● **Problem to solve**
Because the copy must hold no pictures, return the data below with all of its words intact.

___ The data ___

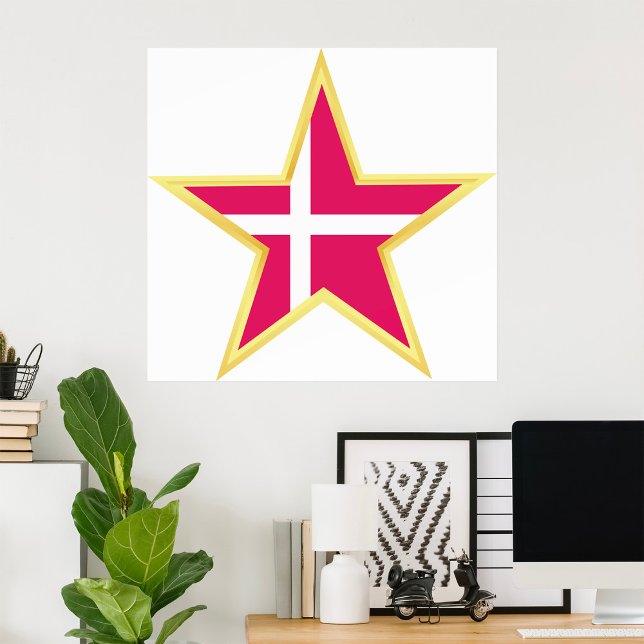 Dänemark Gold-Star-Flaggenland Poster (Von Creator hochgeladen)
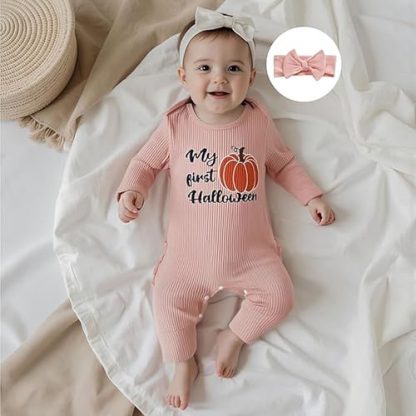 "First Halloween Pumpkin-Themed Baby Girl Romper" - Image 3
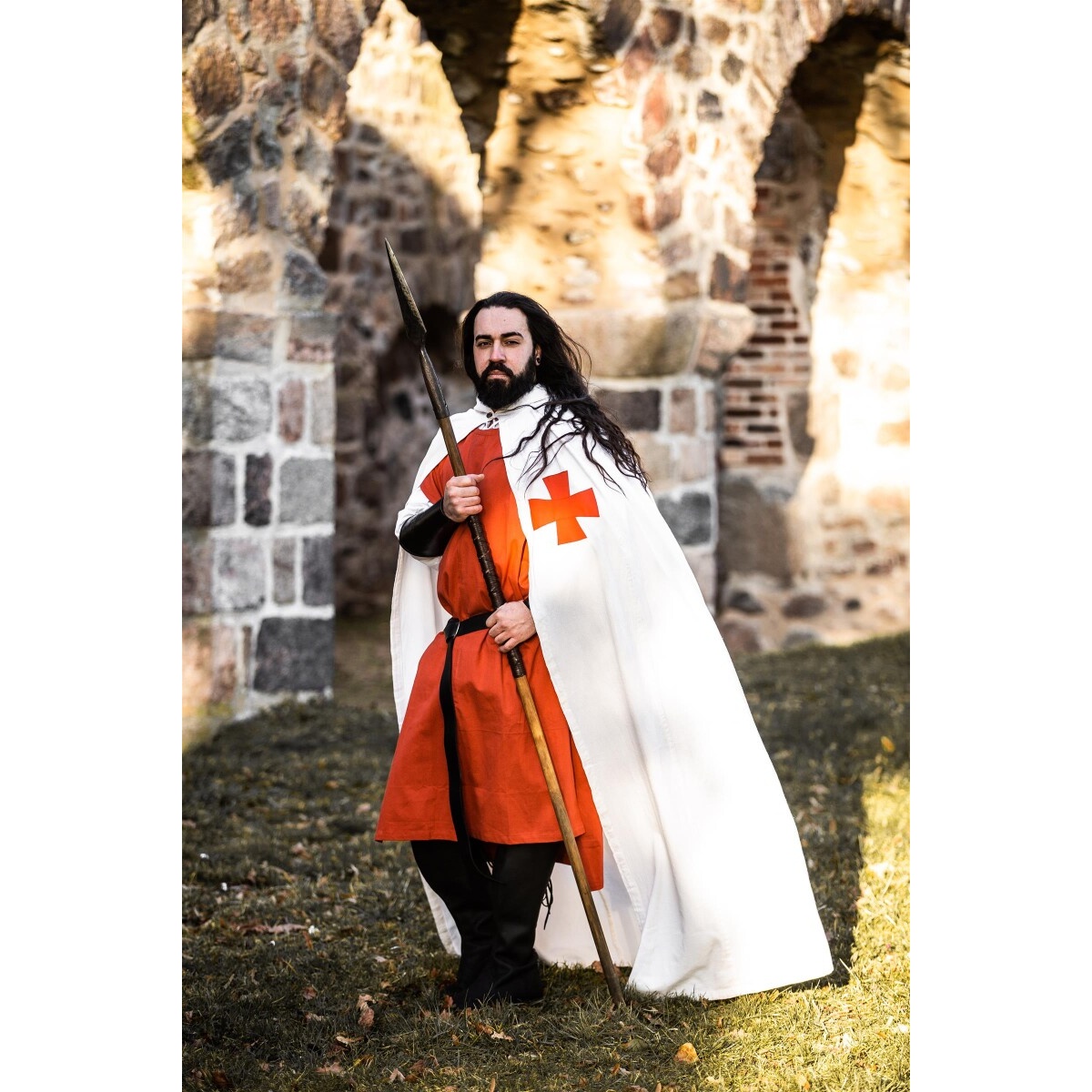 Capa medieval de los Templarios Baldwin blanco-rojo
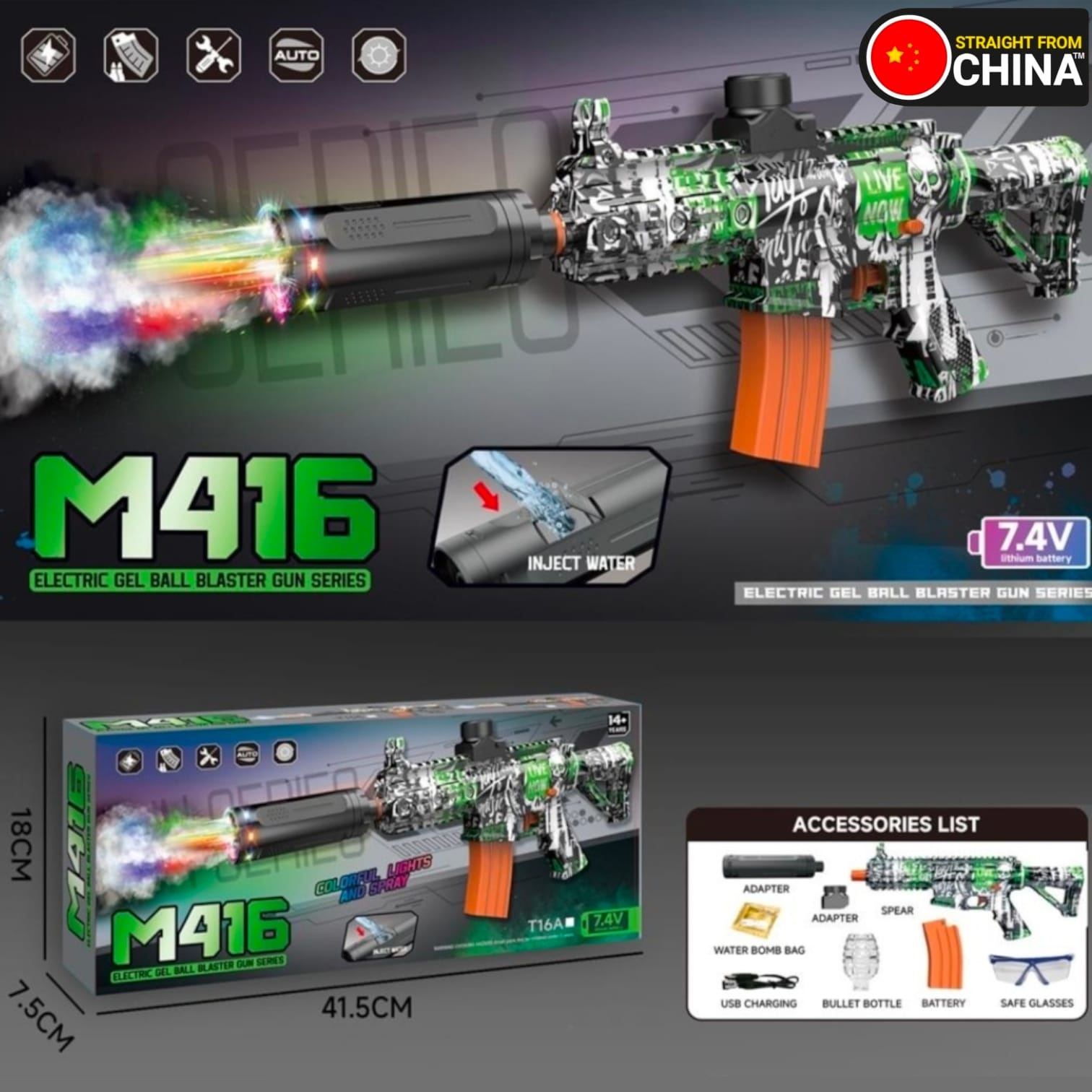 M416 Electric Water Gel Bullet Gun with Lights and  Smoke for Kids - Green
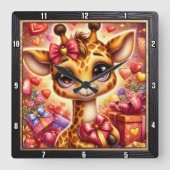 Horloge Carrée Cadeau du cœur de girafeau (Recto)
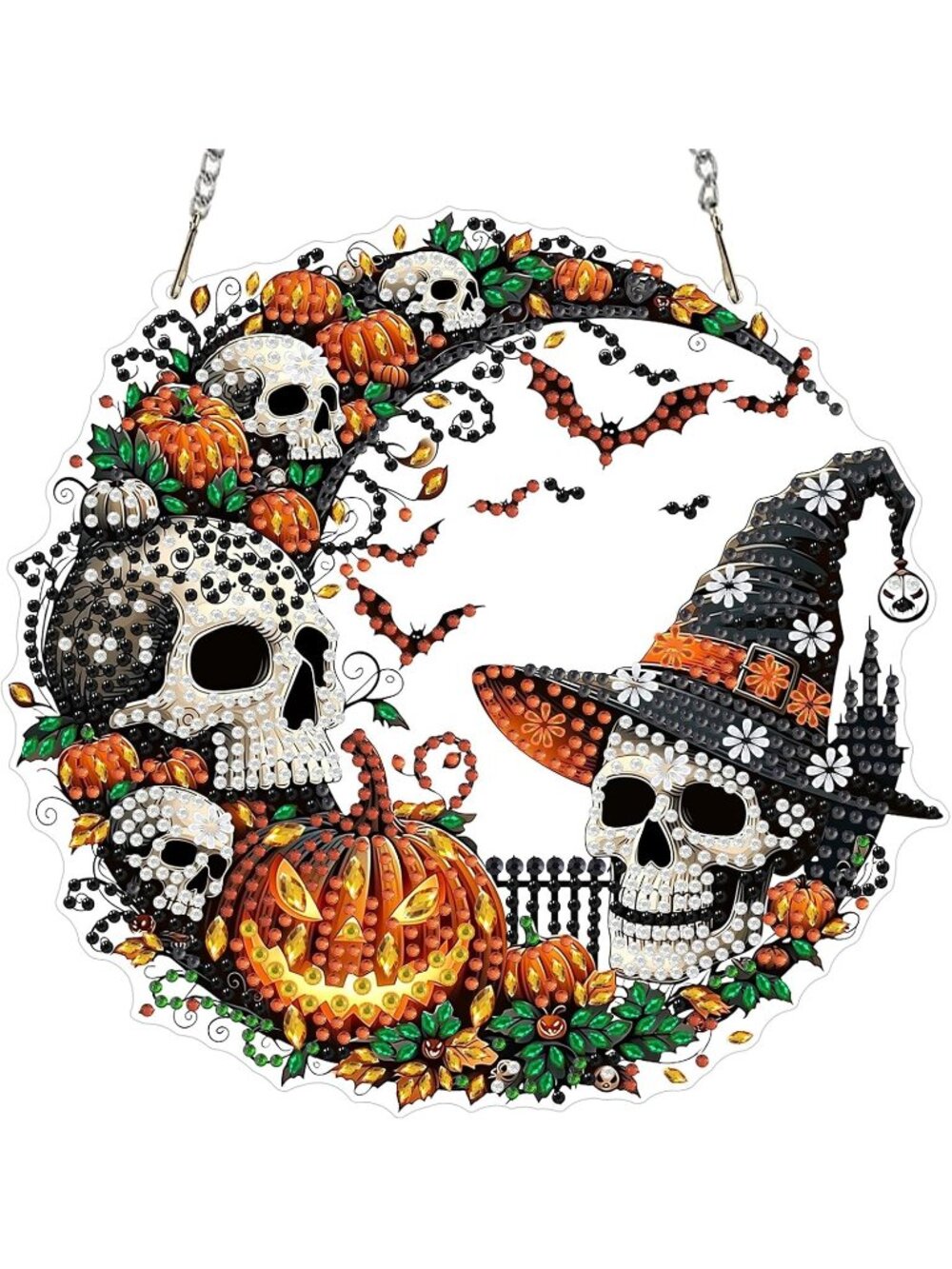 Halloween Hanging Diamond Art Ornaments w/ Chain Diamond Pumpkin Skull Hanging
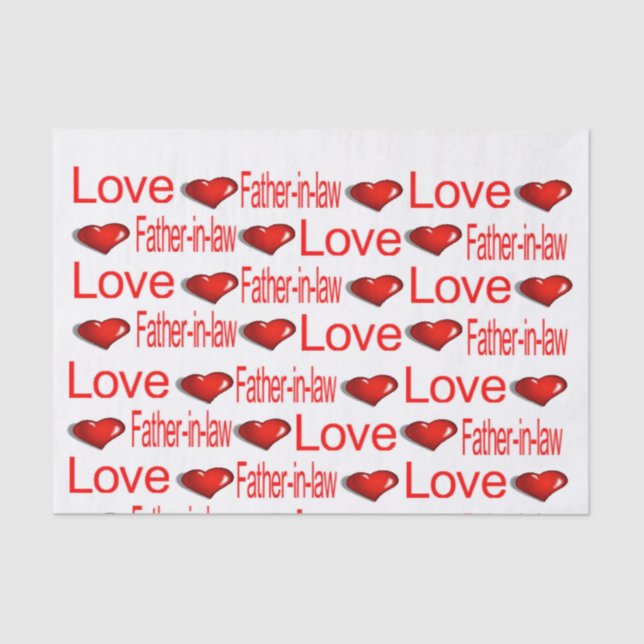 Papier Mousseline Saint Valentin Tissu Papier Amour Père en droit (Recto)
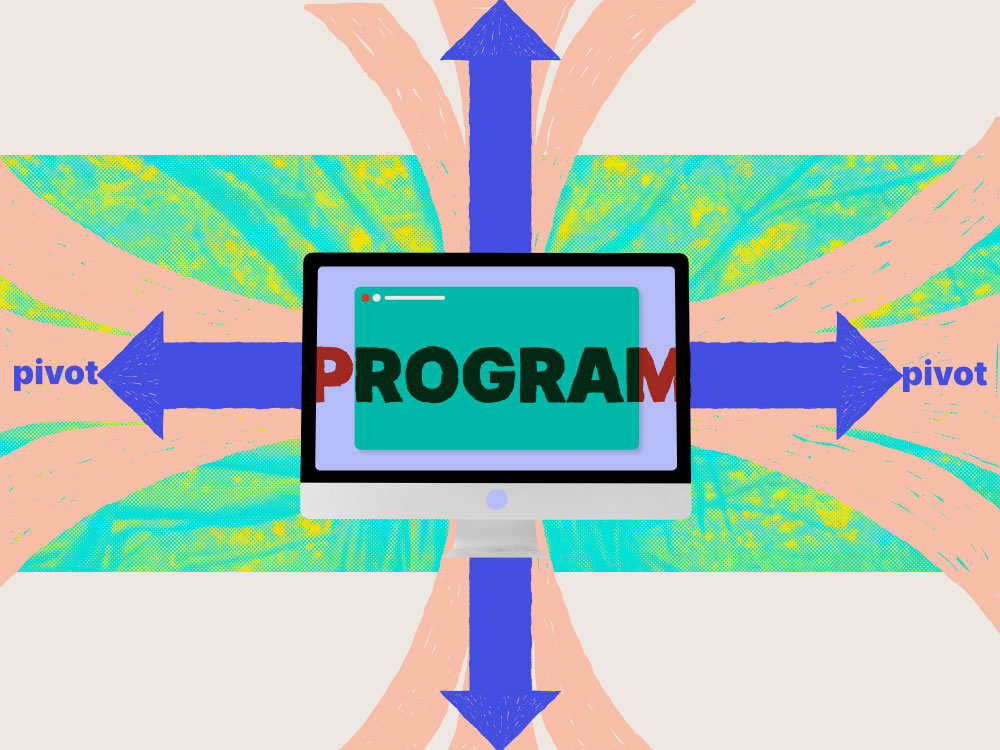 the word program on a computer screen with arrows and the word pivot on two sides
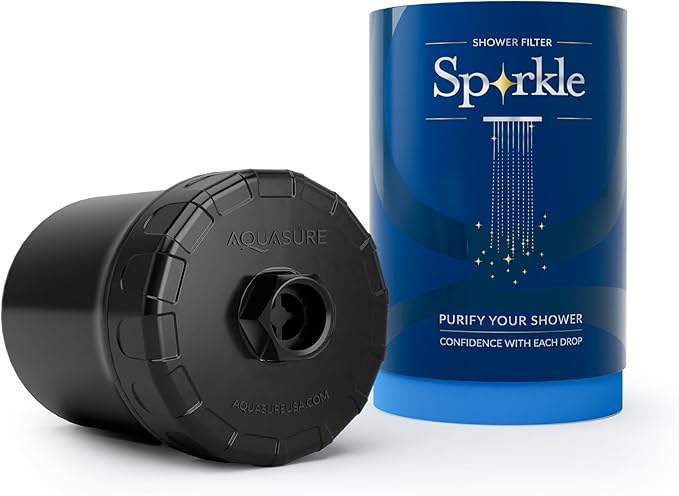Aquasure 10,000 Gallons High Capacity Shower Filter For Healthier Hair, Skin & Nails | Improves Dry Itchy Skin, Reduce Dandruff, Eczema, Protect Colored Hair (Matte Black) - AquaVibe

___

● **Result for this task**
 Dänemark Gold-Star-Flaggenland Poster (Von Creator hochgeladen)
 "First Halloween Pumpkin-Themed Baby Girl Romper" - Image 3
 Capa medieval de los Templarios Baldwin blanco-rojo
 M416 Electric Water Gel Bullet Gun with Lights and  Smoke for Kids - Green
 Horloge Carrée Cadeau du cœur de girafeau (Recto)
 Halloween Hanging Diamond Art Ornaments w/ Chain Diamond Pumpkin Skull Hanging
 Papier Mousseline Saint Valentin Tissu Papier Amour Père en droit (Recto)
 the word program on a computer screen with arrows and the word pivot on two sides
Aquasure 10,000 Gallons High Capacity Shower Filter For Healthier Hair, Skin & Nails | Improves Dry Itchy Skin, Reduce Dandruff, Eczema, Protect Colored Hair (Matte Black) - AquaVibe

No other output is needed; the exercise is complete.